Data shown below:
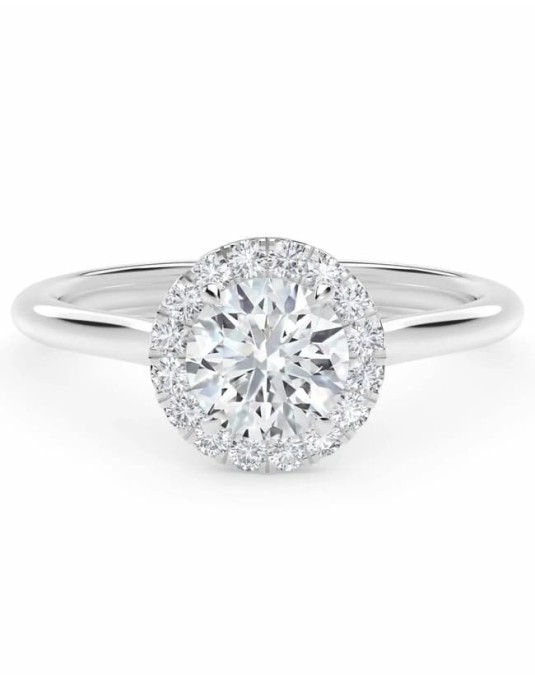 Anello Con Diamanti Naturali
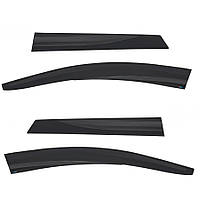 Дефлекторы окон (ветровики) Renault Duster 2017-2023, 4шт, SunPlex, на скотче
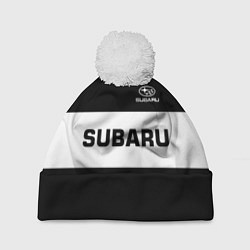 Шапка с помпоном Subaru: Black Sport, цвет: 3D-белый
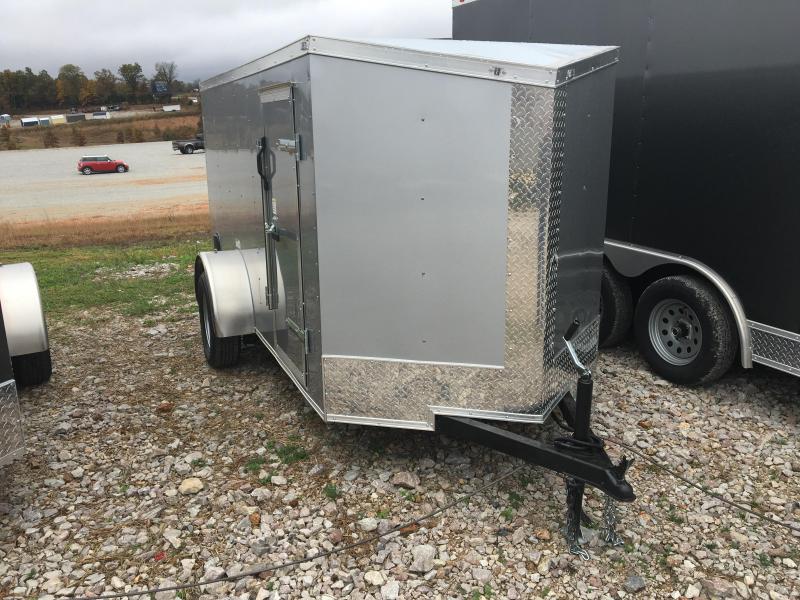 2021 Fast Cargo 5x10 Silver w/ Ramp Door Enclosed Cargo Trailer 2021 Fast Cargo 5x10 Silver w/ Ramp Door Enclosed Cargo Trailer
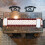 Christmas table flags embroidered deer linen 2 pcs 8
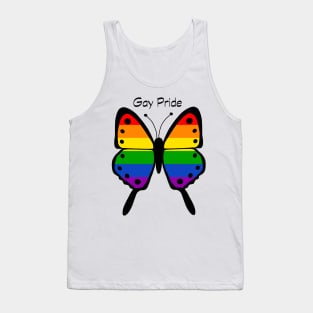 Gay Pride Butterfly Tank Top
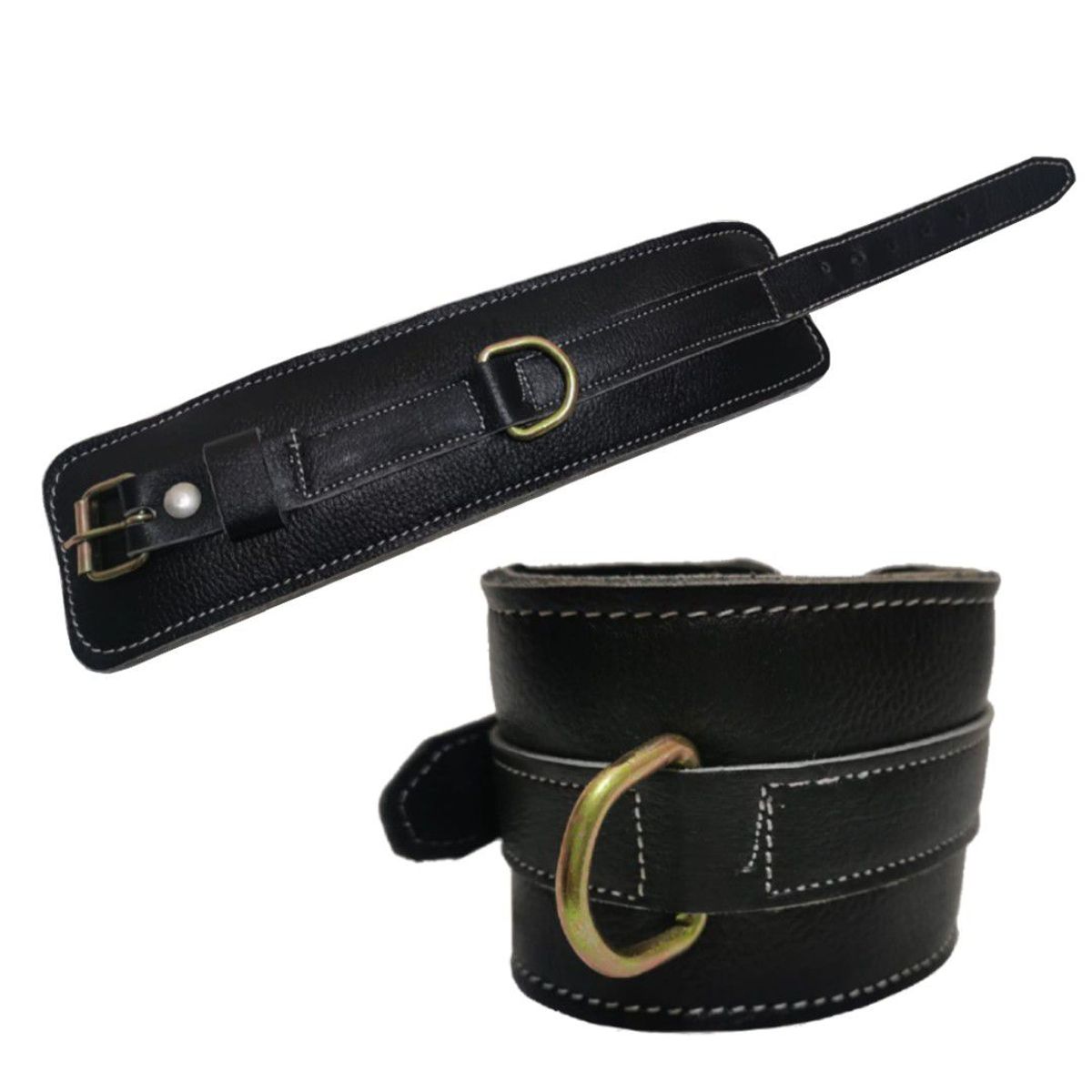 GENERICO - Tobilleras de Cuero Para Gimnasio Para Gluteos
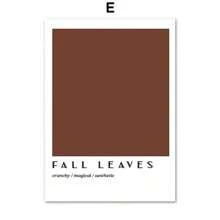1 pieza Carteles de otoño con citas, hojas de otoño y calabaza, impresiones de arte de pared para sala de estar, pintura en lienzo para decoración del hogar - Multicolor - Ver 28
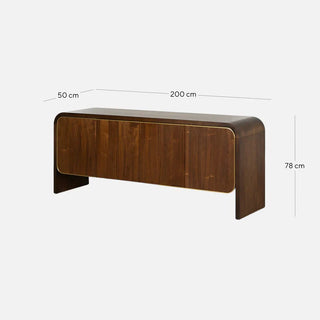 Brooklyn Walnut Buffet Unit, 2m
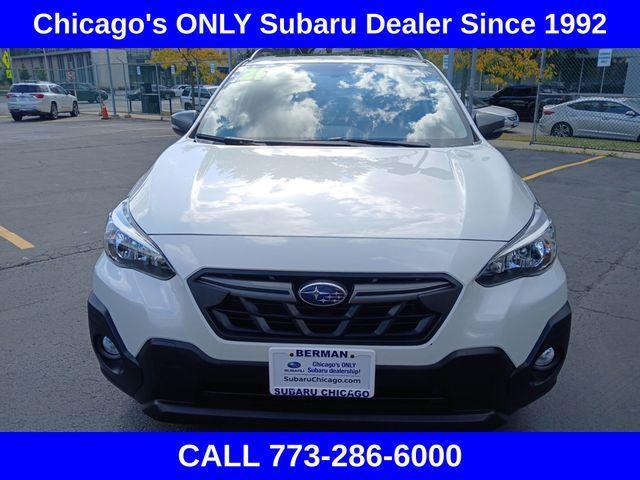 Photo of 2021 Crystal White Pearl Subaru Crosstrek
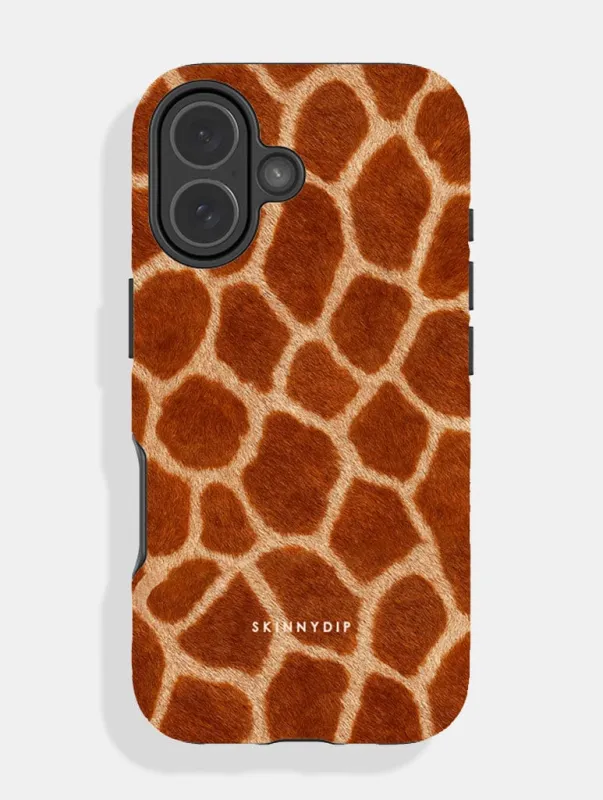 Giraffe Print Ultra Protective iPhone Case sold by Skinnydip London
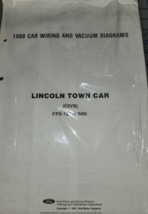 1988 Lincoln Town Car Electrical Wiring Diagrams Manual EWD OEM Fold Out - $10.00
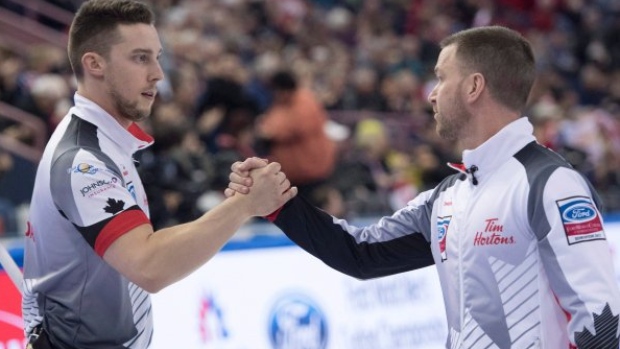 Brad Gushue, The Canadian Press Brad Gushue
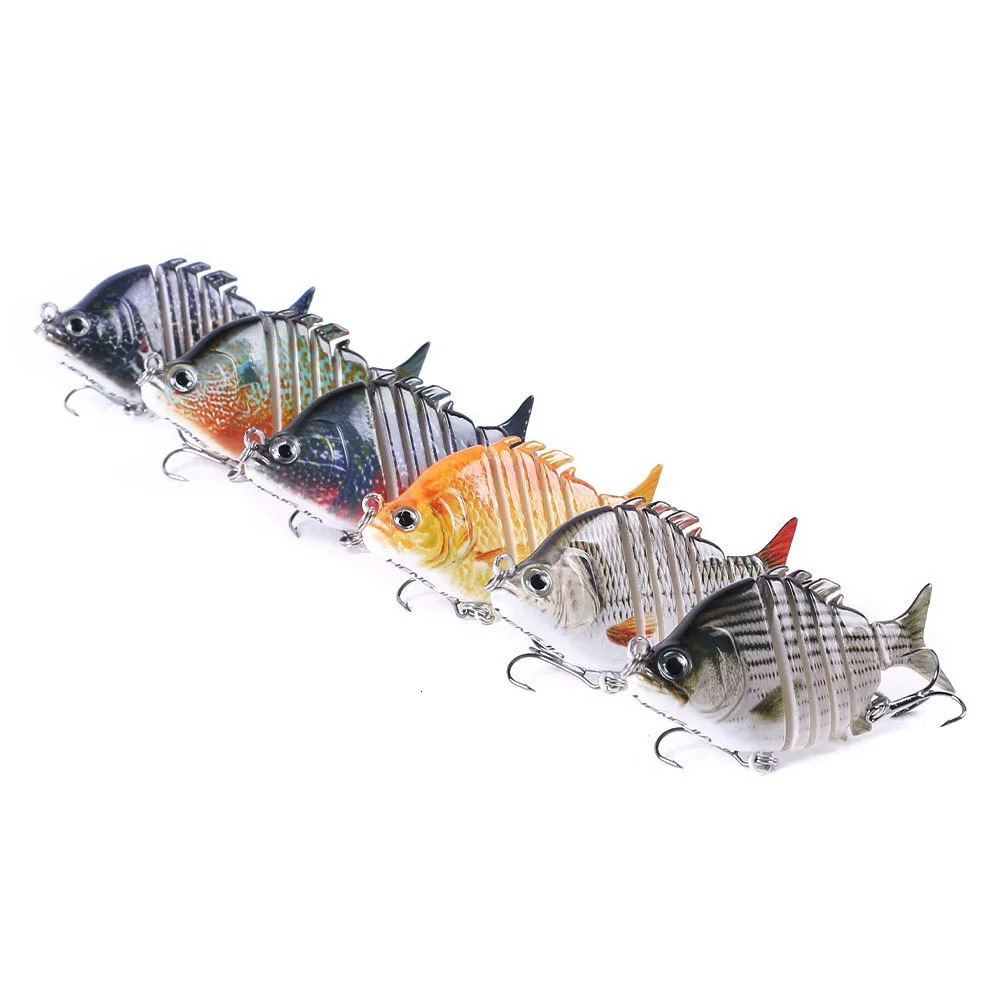 6m 93g Lifelike Tilapia Swimbait Fishing Lures Hard Bait Lure With Treble Hook Multi Jointed For Bass Tackle 241024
End of Data shown.
Task to carry out:
Go back to the line containing "GENERICO - Tobilleras" and output it and every line after it through the end of the records, exactly, but not the pictures.

Solution for this problem:
 GENERICO - Tobilleras de Cuero Para Gimnasio Para Gluteos
1 pieza Carteles de otoño con citas, hojas de otoño y calabaza, impresiones de arte de pared para sala de estar, pintura en lienzo para decoración del hogar - Multicolor - Ver 28
 Brooklyn Walnut Buffet Unit, 2m
 Photo of 2021 Crystal White Pearl Subaru Crosstrek
 Giraffe Print Ultra Protective iPhone Case sold by Skinnydip London
 1988 Lincoln Town Car Electrical Wiring Diagrams Manual EWD OEM Fold Out - $10.00
 Brad Gushue, The Canadian Press Brad Gushue
 6m 93g Lifelike Tilapia Swimbait Fishing Lures Hard Bait Lure With Treble Hook Multi Jointed For Bass Tackle 241024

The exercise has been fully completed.